Par actes sous signature privée du même jour annexés au contrat, Mme [H] [B] épouse [T], gérante de la société emprunteuse, et M. [U] [T], son conjoint, se sont portés cautions solidaires de ce prêt dans la limite de 54 600 euros.
D'autre part, par un second contrat du 28 août 2012, la Caisse d'épargne a, en vue de financer le remboursement d'un concours antérieur, consenti à la société HS Immo un prêt n° 325 de 18 000 euros au taux de 4,96 % l'an, remboursable en 36 mensualités de 539,15 euros hors assurance.
Par actes sous signature privée du même jour annexés au contrat, les époux [T] se sont portés cautions solidaires de ce prêt dans la limite de 23 400 euros.
Par jugement du 24 octobre 2012, le tribunal de commerce de Vannes a prononcé la liquidation judiciaire de la société HS Immo.

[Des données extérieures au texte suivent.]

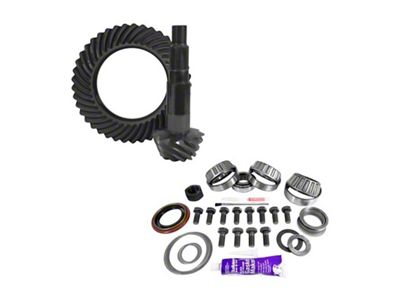 Yukon Gear Ring & Pinion Gear Set Dana 80 11.25in - ZGK2158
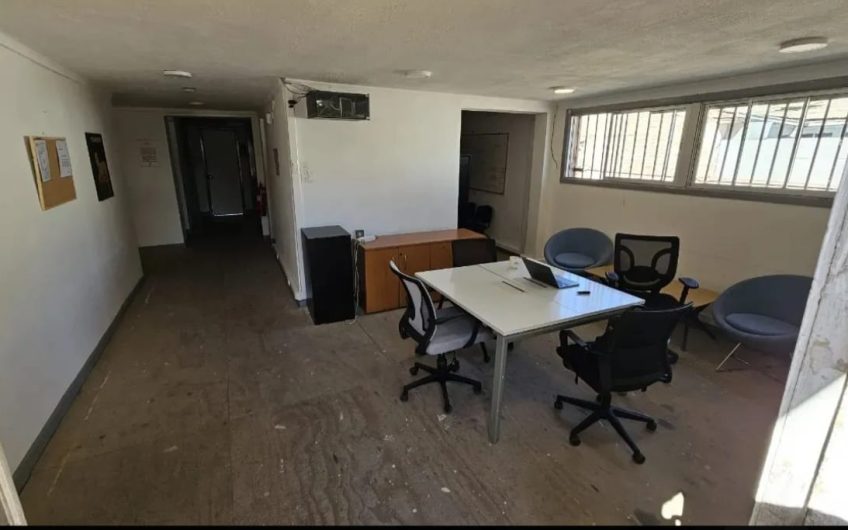 TERRENO INDUSTRIAL QUINTA NORMAL 1600 M2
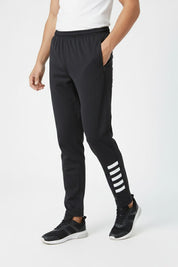 Men's Bottom Striped Activewear Trousers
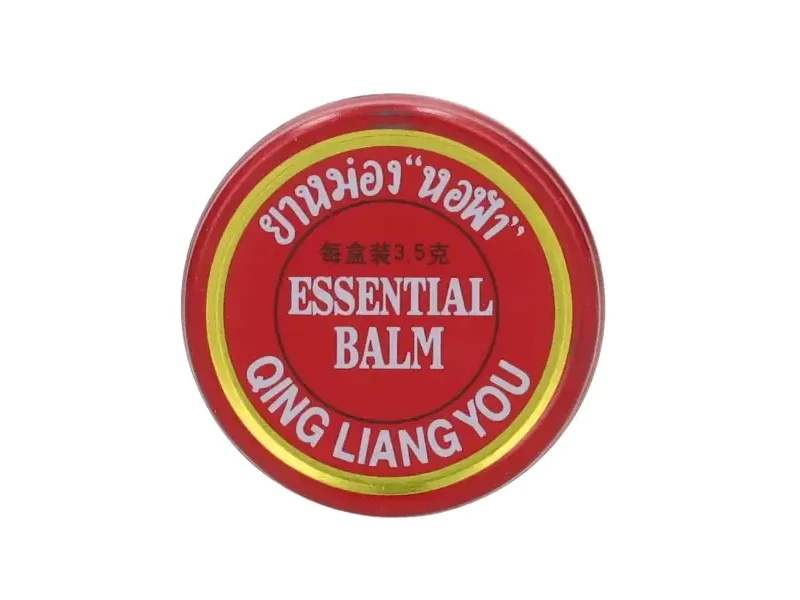 Dr. Chen Vörös Balzsam Kicsi 3,5 g X24db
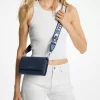 Geantă mare crossbody din piele Jet Set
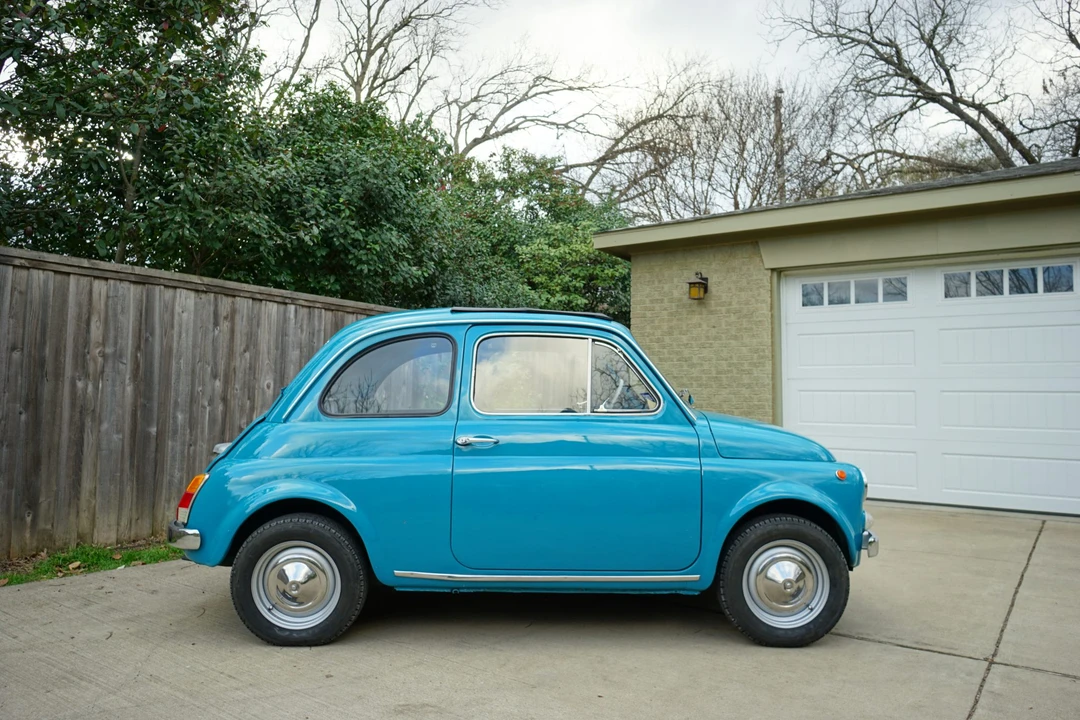 1969 Fiat Nuova 500 - Image 18 of 31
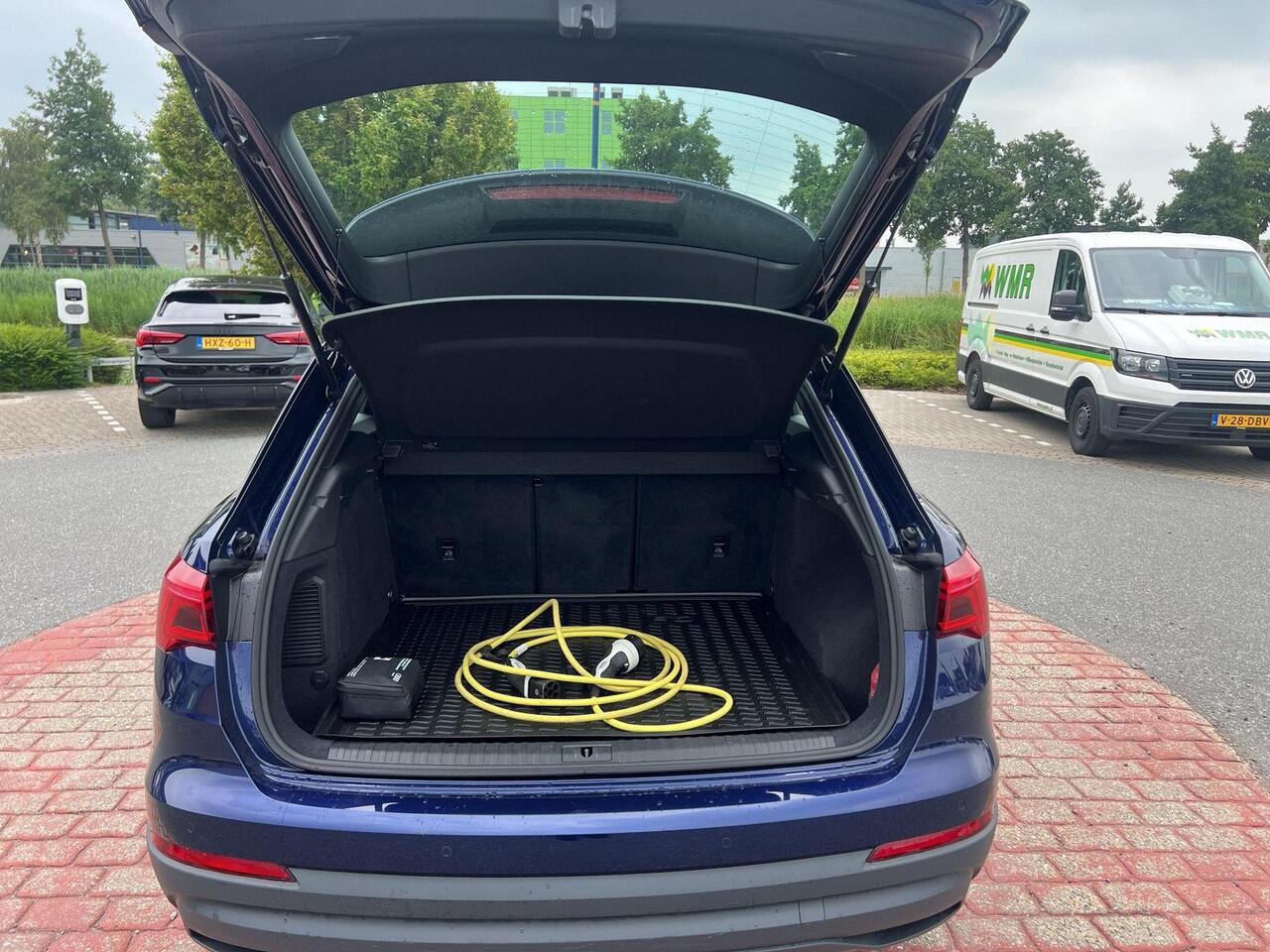 Audi Q3 45 TFSI e S-Line | 95% SOH | PHEV | Clima | PDC | 245PK |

Le prêteur a déclaré ses créances devenues irrécouvrables selon certificat du liquidateur du 2 juillet 2013, et, après avoir mis les cautions en demeure d'honorer leurs engagements par lettres recommandées avec accusé de réception du 7 décembre 2012, il les a, par acte du 1er décembre 2016, fait assigner en paiement devant le tribunal de grande instance de Vannes.
Les cautions ont invoqué la nullité de l'assignation et la disproportion de leurs engagements.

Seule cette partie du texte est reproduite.